A folding screen, which delicately winds through the room, blocks our path (Screen, 2014). Conceptualized to shelter from glances and wind, to create isles of the private and the intimate, the partition marks a boundary, albeit fragile and mobile. Existing spaces can easily be modified by using a folding screen. A folding screen inverts the external into the internal space and vice-versa. Even more so, as glass inserts unexpectedly open up views, only to be reflected back at the viewer by a mirror.

The mirror constitutes a central metaphor in the theories of cinema. Just as the image of the mirror does, the image of the film evokes the impression of imminent presence, while that, which we see, remains absolutely unapproachable to us. A monitor displays a movie that deals with cinema itself (KINO, 2012 – CINEMA, 2012).
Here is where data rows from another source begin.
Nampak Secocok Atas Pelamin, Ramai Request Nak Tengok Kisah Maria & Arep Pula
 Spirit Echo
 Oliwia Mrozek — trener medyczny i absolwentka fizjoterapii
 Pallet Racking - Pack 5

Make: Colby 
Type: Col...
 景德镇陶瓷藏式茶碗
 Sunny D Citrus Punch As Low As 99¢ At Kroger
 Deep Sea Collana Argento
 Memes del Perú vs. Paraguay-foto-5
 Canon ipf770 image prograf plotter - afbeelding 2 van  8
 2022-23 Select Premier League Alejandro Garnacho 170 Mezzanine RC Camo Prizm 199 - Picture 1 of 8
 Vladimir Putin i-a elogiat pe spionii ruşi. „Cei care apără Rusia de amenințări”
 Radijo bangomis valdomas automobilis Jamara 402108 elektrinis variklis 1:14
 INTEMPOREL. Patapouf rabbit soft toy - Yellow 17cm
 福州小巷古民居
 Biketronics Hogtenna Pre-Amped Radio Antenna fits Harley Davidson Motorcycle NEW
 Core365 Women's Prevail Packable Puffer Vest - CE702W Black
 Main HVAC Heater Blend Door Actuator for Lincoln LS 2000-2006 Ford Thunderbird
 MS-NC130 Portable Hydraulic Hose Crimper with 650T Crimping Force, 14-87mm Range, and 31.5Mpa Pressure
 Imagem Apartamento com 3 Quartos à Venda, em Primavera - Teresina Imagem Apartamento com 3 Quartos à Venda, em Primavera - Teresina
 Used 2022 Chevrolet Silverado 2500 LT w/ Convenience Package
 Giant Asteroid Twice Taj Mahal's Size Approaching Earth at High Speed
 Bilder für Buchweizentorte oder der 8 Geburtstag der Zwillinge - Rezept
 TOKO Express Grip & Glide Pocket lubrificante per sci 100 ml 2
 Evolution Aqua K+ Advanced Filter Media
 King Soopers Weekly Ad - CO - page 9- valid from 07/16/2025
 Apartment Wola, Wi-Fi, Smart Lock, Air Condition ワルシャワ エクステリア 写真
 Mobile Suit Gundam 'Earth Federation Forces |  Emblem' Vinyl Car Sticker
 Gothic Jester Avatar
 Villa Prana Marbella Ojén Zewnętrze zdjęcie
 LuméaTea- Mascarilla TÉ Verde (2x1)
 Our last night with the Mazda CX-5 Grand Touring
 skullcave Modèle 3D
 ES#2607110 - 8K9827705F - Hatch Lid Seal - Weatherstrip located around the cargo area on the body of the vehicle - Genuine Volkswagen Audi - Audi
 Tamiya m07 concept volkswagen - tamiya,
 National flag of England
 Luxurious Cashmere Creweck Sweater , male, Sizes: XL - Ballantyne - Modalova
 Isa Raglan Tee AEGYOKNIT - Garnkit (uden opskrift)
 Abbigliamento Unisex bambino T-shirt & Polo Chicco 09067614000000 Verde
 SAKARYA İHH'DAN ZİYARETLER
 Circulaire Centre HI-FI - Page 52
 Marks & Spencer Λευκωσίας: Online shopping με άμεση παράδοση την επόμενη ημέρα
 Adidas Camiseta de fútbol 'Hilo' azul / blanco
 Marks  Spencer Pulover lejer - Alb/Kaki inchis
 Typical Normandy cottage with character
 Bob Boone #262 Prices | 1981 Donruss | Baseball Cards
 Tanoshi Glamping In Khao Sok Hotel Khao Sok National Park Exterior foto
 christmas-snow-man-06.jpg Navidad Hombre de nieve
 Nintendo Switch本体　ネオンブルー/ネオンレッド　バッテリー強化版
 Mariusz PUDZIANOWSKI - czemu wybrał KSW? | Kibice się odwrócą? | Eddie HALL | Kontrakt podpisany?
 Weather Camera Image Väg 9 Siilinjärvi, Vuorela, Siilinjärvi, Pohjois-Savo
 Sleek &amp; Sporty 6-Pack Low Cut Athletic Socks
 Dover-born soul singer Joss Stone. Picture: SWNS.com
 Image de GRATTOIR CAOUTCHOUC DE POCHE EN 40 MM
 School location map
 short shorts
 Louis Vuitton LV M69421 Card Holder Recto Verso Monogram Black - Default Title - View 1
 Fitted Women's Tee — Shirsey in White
It appears as writing, as object, as passing of time, as progression from day- to artificial light.

Artificial light from a spotlight in a narrow corridor draws a large rectangular window of light onto the wall (Lichtrechteck, 2014 – Rectangle of Light, 2014). From afar, the cone of light forms a body, from close up it mutates into a luminous surface on the wall.

Precisely opposite, on the other side of that wall, hangs a curtain. Warm light permeates it from outside, the beams of the window paint a pattern, the silhouette of a bunch of flowers is discernible (Draußen, 2014 – Outside, 2014). Examining space and its boundaries, the interplay of presence and absence, of looking through and throwing back the gaze are reflected in this work. In reality, this is the image of a window, a print on white linen. This work opens up the view of the outside world while simultaneously illustrating its absence, bringing us back to our presence in this specific space.

Here – that’s a space within the space of the Oldenburger Kunstverein, the setting of a White Cube, positioned within the larger exhibition hall. The cone of light that permeates the window appears to traverse the hall until it meets the aluminum surface of the diptych that hangs on the wall opposite the curtain (Davor, 2014 – Before, 2014). The room itself emerges onto the stage and with it the lack of reference, of context that is the essence of the problem and the potential scope of the White Cube: The notorious seclusion from the cultural and social reality on the one hand side allows for the emergence of ever new worlds on the other hand side, within which we can test, explore and debate the conditions and opportunities of the world outside.